Wer ein Arbeitsverhältnis auflösen möchte, kündigt. Neben dieser praktisch häufigsten Beendigungsform gewinnt eine andere Art der Vertragsauflösung an Bedeutung: die Aufhebungsvereinbarung. Wann bietet sich dieses Vorgehen an? Und welche Stolpersteine gilt es zu beachten?

Von: Isabelle Oehri   Teilen  

Isabelle Oehri, Rechtsanwältin, M.A. HSG in Law & Economics

Isabelle Oehri, Rechtsanwältin, M.A. HSG in Law & Economics, Hochschule Luzern – Wirtschaft.

Aufhebungsvereinbarungen im Arbeitsrecht

Grundsätzlich lässt sich jeder Vertrag so aufheben, wie er geschlossen wurde, nämlich durch Übereinkunft. Dass Vertragsparteien ihre Verträge jederzeit auflösen und die Folgen prinzipiell beliebig festlegen können, sofern sie sich nur darüber einig sind, ist Ausfluss der Vertragsfreiheit nach Art. 19 des schweizerischen Obligationenrechts (OR).1 Obwohl in den arbeitsrechtlichen Bestimmungen des OR nicht explizit erwähnt, gilt dies unbestritten auch für Arbeitsverträge.
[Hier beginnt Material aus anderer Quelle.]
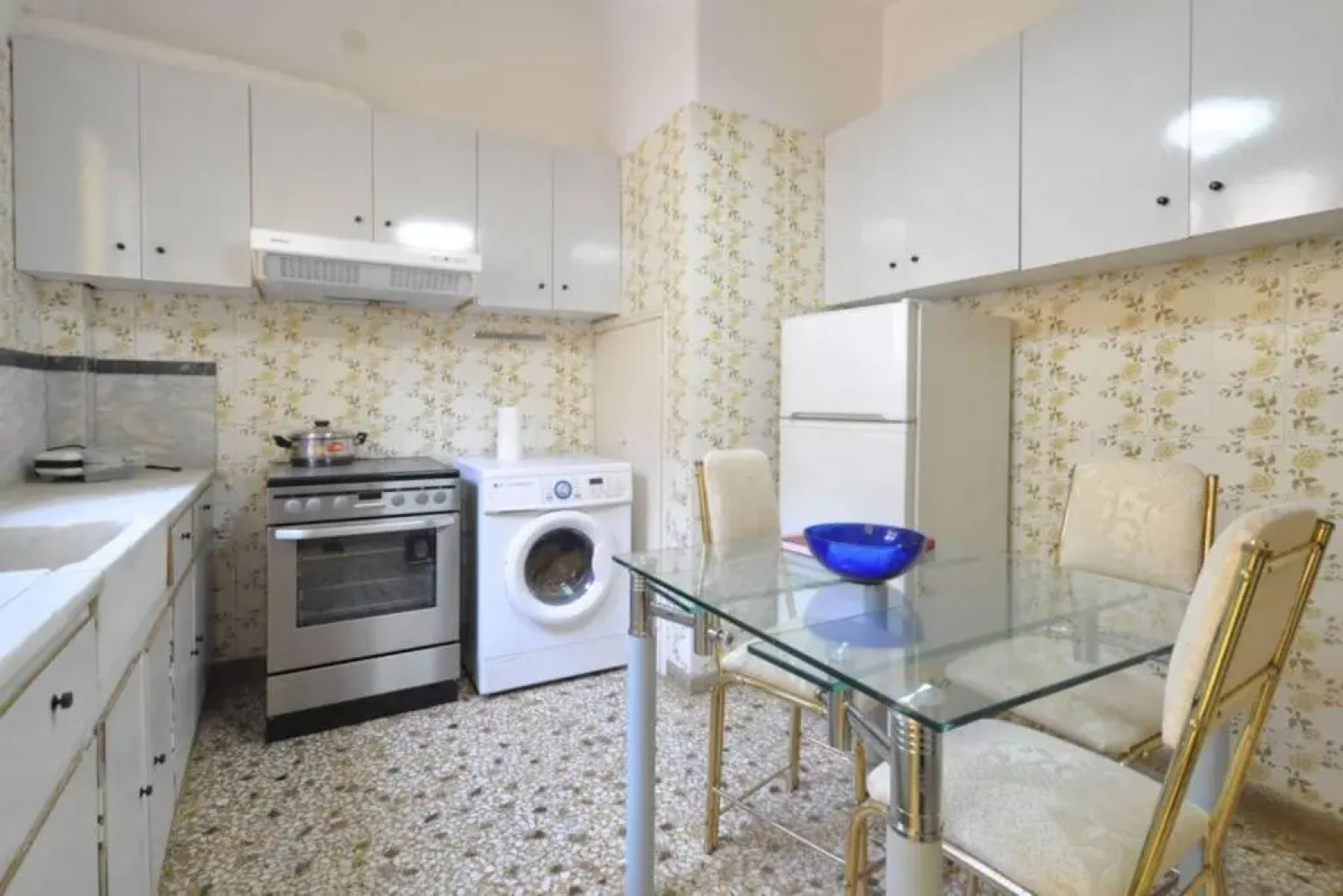 House furnished with garage, yard near Park at Amfiali Piraeus Port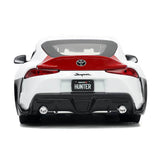 Auto Robotech - 2020 Toyota Supra con Rick Hunter | Escala 1:24 | JADA Toys JT-33685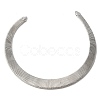 Iron Open Cuff Snake Chain Choker Necklaces for Women NJEW-M085-05P-1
Vielfältige Gründe und Motive
Die Gründe, weshalb eine Aufhebungsvereinbarung der Kündigung vorgezogen wird, können vielfältig sein. Neben dem psychologischen Aspekt einer Trennung auf Augenhöhe geht es oft darum, die Konsequenzen im Einzelfall flexibel festzulegen und dabei alle offenen Punkte gesamthaft und endgültig zu bereinigen. Arbeitnehmer haben häufig dann ein Interesse an einer Aufhebungsvereinbarung mit sofortiger Wirkung, wenn sie bereits eine neue Stelle haben, die sie so bald als möglich antreten möchten. Gerade für Arbeitgeberinnen ist eine Aufhebungsvereinbarung gegenüber einer Kündigung deutlich rechtssicherer. Denn während ein gekündigtes Arbeitsverhältnis beispielsweise bei Krankheit oder Schwangerschaft erstreckt wird, gelten die Sperrfristen von Art. 336c OR nicht für Aufhebungsvereinbarungen. Nach bundesgerichtlicher Rechtsprechung kann eine Aufhebungsvereinbarung teils sogar noch während bereits laufender Sperrfrist abgeschlossen werden.2 Ebenso können Aufhebungsvereinbarungen nicht wegen Missbräuchlichkeit nach Art. 336 OR angefochten werden, dies schlicht deshalb, weil der sachliche Kündigungsschutz wie der zeitliche eben nur bei Kündigungen greift.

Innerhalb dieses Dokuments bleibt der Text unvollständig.